I like long explicit table names (it's not uncommon to be more than 100 characters) because I use many tables and if the names aren't explicit, I might get confused as to what each table stores.
So when I write a query, I tend to use shorter aliases that make sense within the scope of the query and that makes the code much more readable.
I always use aliases in my queries and it is part of the code guidebook in my company. First of all you need aliases or table names when there are columns with identical names in the joining tables. In my opinion the aliases improve readability in complex queries and allow me to see quickly the location of each columns. We even use aliases with single table queries, because experience has shown that single table queries donĀ“t stay single table for long.
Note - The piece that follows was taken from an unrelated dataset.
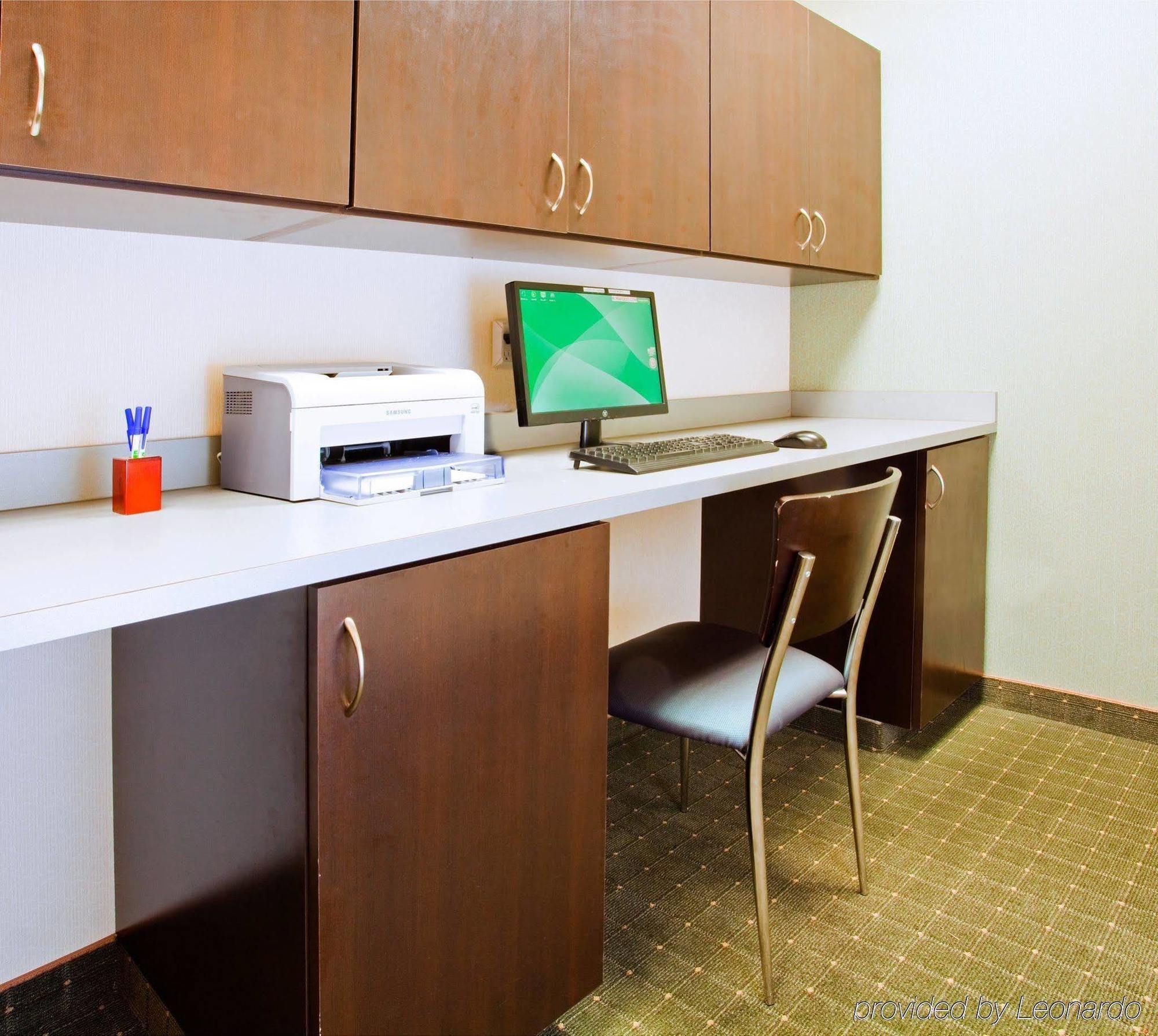 Holiday Inn Express Hotel & Suites Greensboro-East By Ihg Eksteriør bilde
IMHO, it doesn't really matter with short table names that make sense, I have on occasion worked on databases where the table name could be something like VWRECOFLY or some other random string (dictated by company policy) that really represents users, so in that case I find aliases really help to make the code FAR more readable. (users.username makes a lot more sence then VWRECOFLY.username)
I always use aliases, since to get proper performance on MSSQL you need to prefix with schema at all times. So you'll see a lot of
Select
Person.Name
From
dbo.Person As Person
I always use aliases when writing queries. Generally I try and abbreviate the table name to 1 or 2 representative letters. So Users becomes u and debtor_transactions becomes dt etc...
It saves on typing and still carries some meaning.
The shorter names makes it more readable to me as well.
If you do not use an alias, it's a bug in your code just waiting to happen.
SELECT Description -- actually in a
FROM
table_a a,
table_b b
WHERE
a.ID = b.ID
What happens when you do a little thing like add a column called Description to Table_B. That's right, you'll get an error. Adding a column doesn't need to break anything. I never see writing good code, bug free code, as a necessary evil.
Aliases are required when joining tables with columns that have identical names.